Cannonball - 1976 Atari Inc.


I have been asked about the very first game I worked on at Atari and how my first creation took place. That would be the coin-op version of Cannon Ball. The game was one of the very early microprocessor games created at Atari in early 1976. I liked playing the game Stunt Cycle, a hardware only game where you jumped a motorcycle over an ever increasing array of busses, and wanted something that easy with increasing difficulty.

At that time, video games were almost completely created by four people: The hardware engineer, the software engineer, the mechanical designer (cabinet and controls) and a tech. There were some support people to the hardware engineer for building prototypes, and the software engineers had computer operators, but I did not even know about them at this time. The entire game, graphics, and sound were created by the software engineer for the most part.

I received a very basic motion object hardware (Black, White, and Grey objects) with a simple bitmap stamp playfield and told to create a game. I had not been at Atari long, so I had no idea HOW a game was built, just that there were a few people there doing it. I was amongst the first 5 programmers so we sort of made it up as we went along.

Ok, so they set me up in a small lab next to my small office, and I got to work. First, I created the graphics for a small man running, flying through the air, and hitting the wall, including a “squish” animation, and a man walking off holding his back. This was all done in 8x8 motion objects, several put together to make a bigger object. So on graph paper, I created these objects. I was no artist, but it was easy at that resolution. I then did the same thing to create the cannon, the wall with a hole in it, a powder keg, and a smoke blast! These I hand programmed into a small PROM (this was before EEPROM), so you wanted to be sure you did it right.

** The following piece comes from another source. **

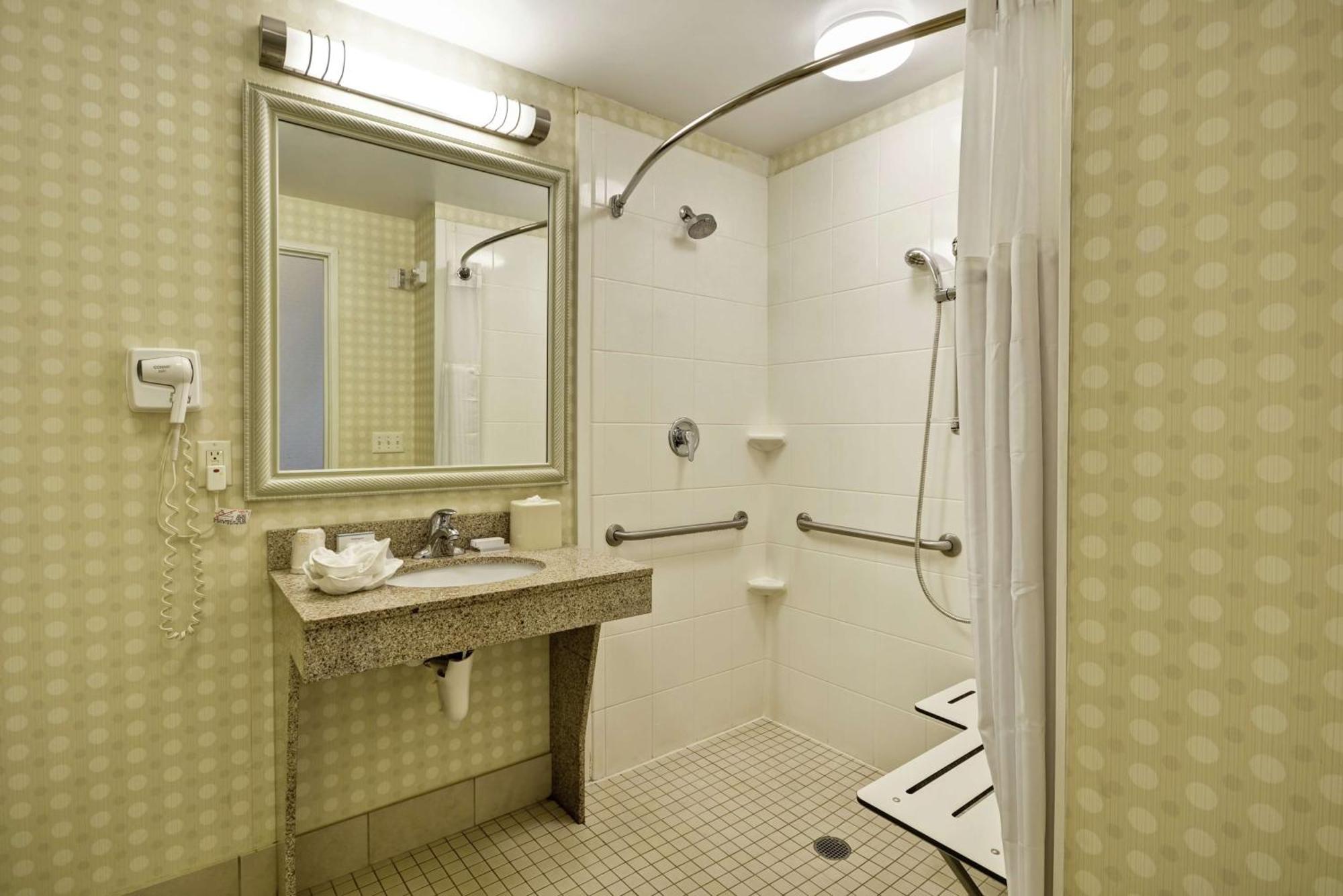 Hilton Garden Inn Riverhead Exterior foto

After I got the graphics installed, I sat down at a device called MicBug, a 6800 (NOT 68000) Motorola “development” system. This was a small computer board that had a cable that plugged into the processor socket of the game board with some RAM, You entered instructions at a model 33 teletype! With this device you could put in a breakpoint, alter memory and registers, run and stop the processor. Very basic. So, with a small card with 6800 instructions on it, I began writing AND HAND ASSEMBLING my code on paper, then I would type it into the model 33 teletype into MicBug, and save it on paper tape. Editing was done by creating small “patch” paper tapes with changes. I had a big box of changes, and would eventually punch out a full dump.

After a number of months, my boss suggested a review of the game. No problem. We set it up. I had the game running, simple sounds, self test, and all coin routines. I would guess about 75% of the project. A man came out, stood next to the cannon and waited. On the opposite side of the screen was a tall wall with a hole in it (that moved each round) Pulling on the handle caused the powder keg to add powder to the cannon. The more powder, the higher the shot. Releasing, the man jumped into the cannon. Push the fire button and the man flew out of the cannon towards the hole. Make it through and you scored. Miss, and you splat into the wall or floor and limped off. Simple but fun.

Towards the end of the review, my boss asked if he could see my program code listings. Listings? What listings did he mean? Well, as it turns out, there was a way to create programs for games, I just never knew about it. Rather than hand assembling, one simply wrote the program on paper, handed it to a computer operator who then edited it into an early DEC PDP computer (like an 05 for example.). These operators would assemble the program and produce a paper tape output and a listing of the assembled program. Oh! Then the program remained on the PDP. Later changes were simply scrawled across the listings and edited by the same two people into the PDP, and a new listing and paper tape was created. What took me months I probably could have done in half that time. Oh well, so much for the easy way. But since I was so far along, inputting this into the PDPs was going to be a long process. But a Model-33 teletype listings, lots of pen scrawls and I was “up-to-date.”

Now the fun began. They wanted more sounds, and most of all, a sound when the man hit the wall. So I set out to create a bone crunching, splat sound. But how? All we had was a modulated white noise generator.. So we took a microphone and a recording scope into the bathroom, and began throwing wet towels onto the tile floor and recorded the waveform. I programmed this into the noise generator and there it was. Every time the man hit the wall, SPLAT! It was great. But the game was still too silent. What about music? Not with this hardware, this was long before games could generate music. So we added an Eight Track Tape unit on a relay and licensed some circus music, so every time the game started, you heard the looping circus music. The game operators where we tested this unit hated that after several weeks, but the game actually did fairly well.

The kicker to this story was that during a later review, management said they hated the splat sound and thought it was too graphic. Several months later I started my next project, Sky Diver. Knowing they hated the splat from Cannonball, I decided to have the divers over water and splash into the water if they did not open their shoots. First review, two managers said “…remember that sound in Cannonball when the man hit the wall? Can we have that sound here instead of the splash? Let the man hit the ground and splat!” Of course, I made it comical, but that is how the splat came about in Sky Diver, which is another story.